A woman in central Taiwan on Tuesday allegedly cut off her boyfriend’s penis and flushed it down the toilet, police said.
Police yesterday questioned the Vietnamese woman, surnamed Phung (馮), and said she is facing charges of aggravated assault.
The 52-year-old man, surnamed Huang (黃), who lives in Changhua County’s Sihu Township (溪湖鎮), was sleeping on Tuesday night when Phung, 40, allegedly sheared off his penis near the base with a pair of kitchen scissors, police said.
Photo: Tang Shih-ming, Taipei Times
The couple’s neighbors told reporters that Huang and Phung had been living together for 10 months.
Both are divorcees and Phung had obtained Taiwanese citizenship through her previous marriage.
The neighbors said they often heard the couple arguing.
Huang, who operates a Taoist shrine, had other female friends and seemed to be close to some of them, which might have caused jealousy and resentment on Phung’s part, they said.
Phung turned herself in to a local police station after midnight yesterday, police said.
She told officers that she cut off Huang’s penis in a fit of anger and flushed the severed organ down the toilet so that it could not be retrieved for reattachment surgery.
Police officers transferred her to the Changhua District Prosecutors’ Office.
A local firefighter captain who was among the first respondents at the scene said that Huang “could still walk on his own, but he was bleeding profusely. The patient had eaten a bowl of instant chicken noodles with rice wine and fallen asleep... Later he woke up with a feeling of extreme pain and found that his penis had been cut off.”
Huang was rushed in an ambulance to Changhua Christian Hospital.
Hospital deputy director Chou Chih-chung (周志中) said: “Examination showed Huang’s ‘manhood’ was sliced off and still bleeding, so doctors had to perform emergency surgery to stop the bleeding, and repair the urethra for urine release. His scrotum and testicles are still intact.”

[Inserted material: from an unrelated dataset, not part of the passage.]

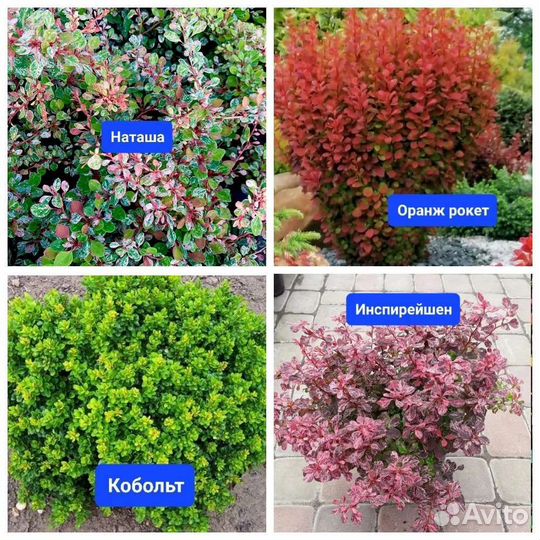 Саженцы барбариса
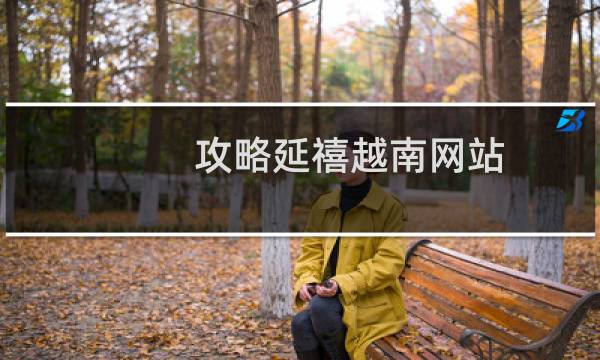 攻略延禧越南网站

Huang “is not in any deadly danger. He was still in pain after recovering from anesthetics, but can drink water and eat normally,” Chou said.
“The main length of the patient’s ‘manhood’ could not be found and could not be reattached. The remaining part is insufficient to engage in sexual intercourse, therefore the best way is to implant an artificial penis,” Chou said. “He will need further reconstructive surgery and also psychological counseling.”
Investigators questioned Phung to find out if she had put a sleeping pill or any other drugs in Huang’s meal.
Huang had been married three times previously and has three daughters from those marriages, his neighbors told reporters.